I just want to say thank you for the great work you guys do! I honestly have no idea why people feel the need to tear you guys down.

Using TCA has been a great tool for me in my toolbox and it’s very clear how much time and effort goes into making these libraries, documentation, videos, online support, etc.

rTX5CMRXIfFG|5 months ago

This library is basically Swift/Core Data, just portable farther back in time. It’s not hard to point out where the reinventing the wheel is.

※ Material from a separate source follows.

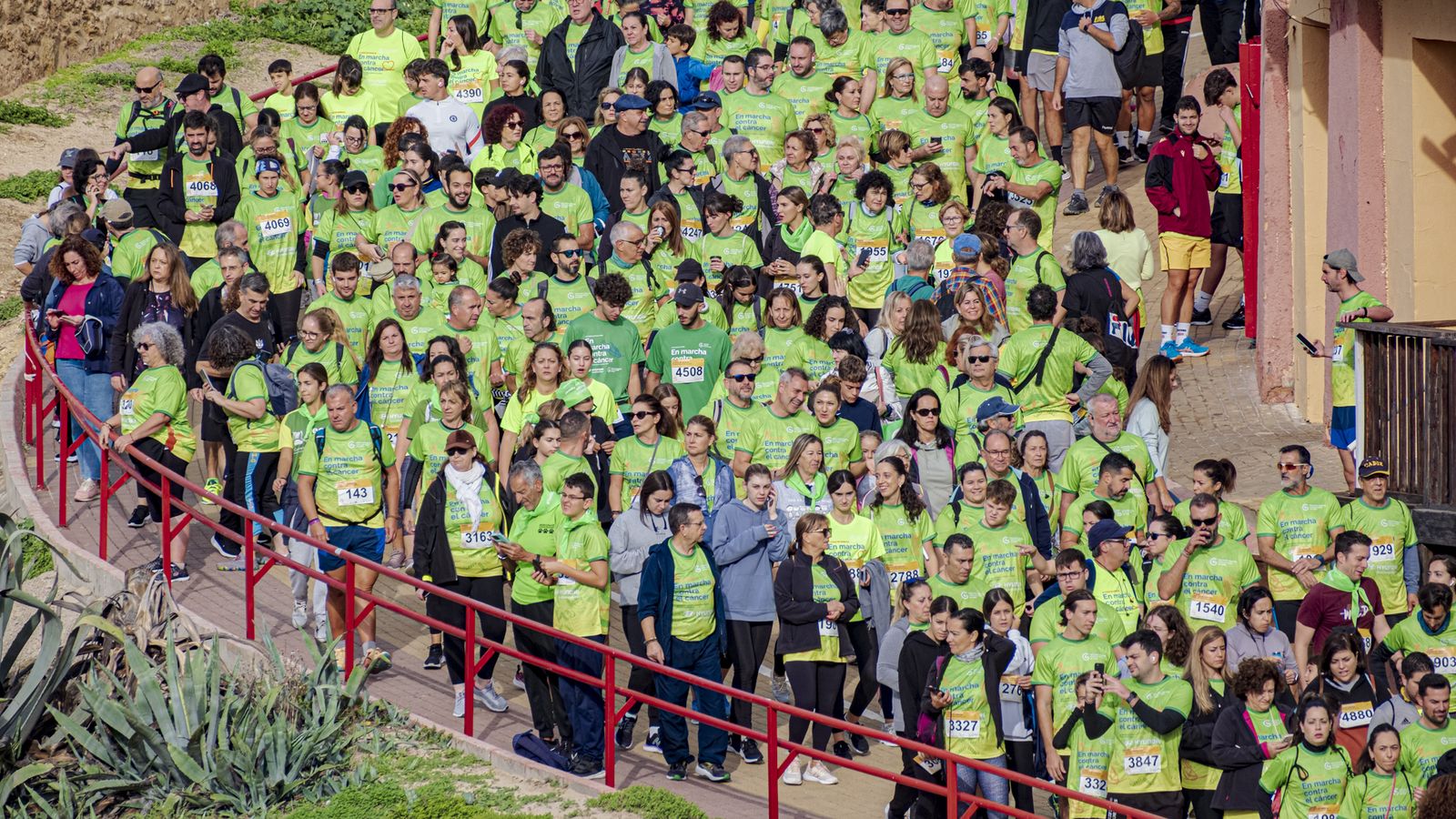 Búscate entre las fotos de la X carrera Cádiz en marcha contra el cáncer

> learning a third party library is just the name of the game when one feels that the tools Apple provides do not suit their needs

Or you can just wait a couple more platform updates instead of always being on the bleeding edge. Apple’s frameworks might not be perfect, but they’re quite exhaustive, and libraries that aim to fill in those gaps are offering diminishing marginal returns that would be unnecessary in 1-2 WWDCs.

I’m sure there are apps small enough to plan for short time horizons, but for companies who plan for their apps to run for half a decade or more, this is the sort of library that you’ll soon mark as tech debt and then refactor for removal when its approaches eventually make it to Apple’s own SDKs. The historical precedent is there.

> open source, and not a proprietary technology

Yea those are great virtues elsewhere but they stop becoming priorities the moment you pay for the license to develop for a walled garden and agree to its T&Cs

wahnfrieden|5 months ago

> Or you can just wait a couple more platform updates instead of always being on the bleeding edge.

So your advice is to use CoreData until 2028 or so until we can terminate iOS 17 users and start using WWDC24 SwiftData.

And then maybe a few years from now (meaning usable by 2032) Apple fills SwiftData's gaps that SQLiteData meets today (ability to use it in background fetch tasks, scalable performance, usage outside of SwiftUI views, fast JSONB storage & querying, FTS) or has the capability to meet in the near future (sharing, public database etc.).

That's neither compelling nor industry standard, and is why so many businesses haven't adopted SwiftData and have moved on from CoreData.

It's the same reason PSPDFKit built up to a 9 figures business - no one wants to wait around for years and years for Apple to maybe incrementally improve PDFKit and also not provide any support, developer relations, or ability to fix a bug yourself.